REWIND: Speech Time Reversal for Enhancing Speaker Representations in Diffusion-based Voice Conversion
Ishan D. Biyani, Nirmesh J. Shah, Ashishkumar P. Gudmalwar, Pankaj Wasnik, Rajiv R. Shah
TL;DR
This work tackles speaker-identity disentanglement in diffusion-based voice conversion under limited target data by exploiting full-utterance speech time reversal (STR) as a data-augmentation strategy. The authors fuse conventional speaker embeddings with STR-derived embeddings using a weighted scheme within a diffusion-based VC framework (DDDM-VC), leveraging self-supervised content, pitch, and speaker representations. Perceptual studies show STR preserves speaker identity despite intelligibility loss, and experiments on LibriTTS and VCTK demonstrate notable gains in speaker similarity while maintaining high speech quality, outperforming several SOTA baselines. An ablation confirms equal weighting of the two embeddings and the value of cross-attention for further improvements. This approach offers a data-efficient pathway to enhance zero-shot VC and invites exploration of unconventional transforms in speech representation learning.
Abstract
Speech time reversal refers to the process of reversing the entire speech signal in time, causing it to play backward. Such signals are completely unintelligible since the fundamental structures of phonemes and syllables are destroyed.
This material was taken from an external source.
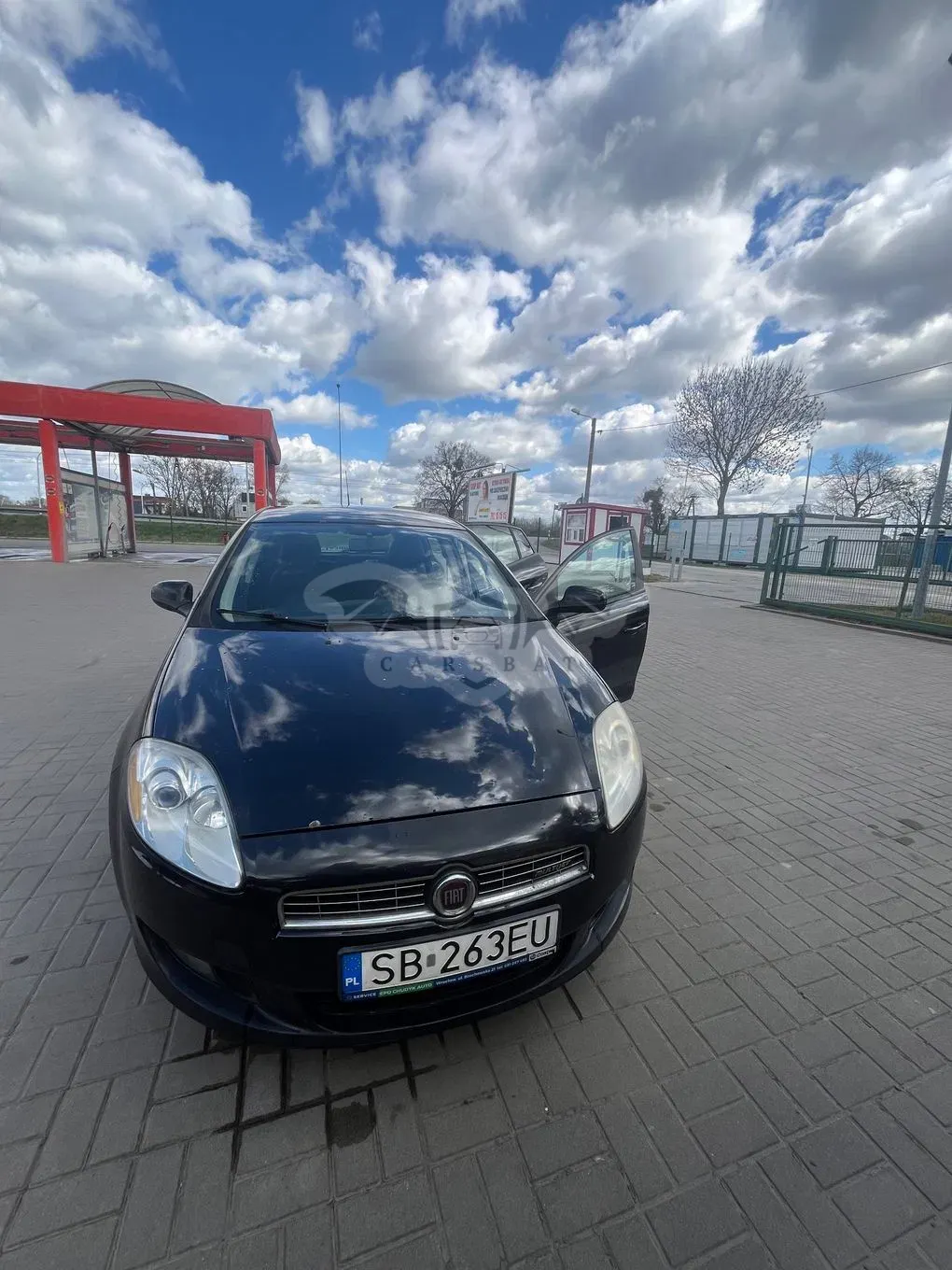 Fiat Bravo II 1.9 Multijet Dynamic 2009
However, they still retain tonal patterns that enable perceptual speaker identification despite losing linguistic content. In this paper, we propose leveraging speaker representations learned from time reversed speech as an augmentation strategy to enhance speaker representation. Notably, speaker and language disentanglement in voice conversion (VC) is essential to accurately preserve a speaker's unique vocal traits while minimizing interference from linguistic content. The effectiveness of the proposed approach is evaluated in the context of state-of-the-art diffusion-based VC models. Experimental results indicate that the proposed approach significantly improves speaker similarity-related scores while maintaining high speech quality.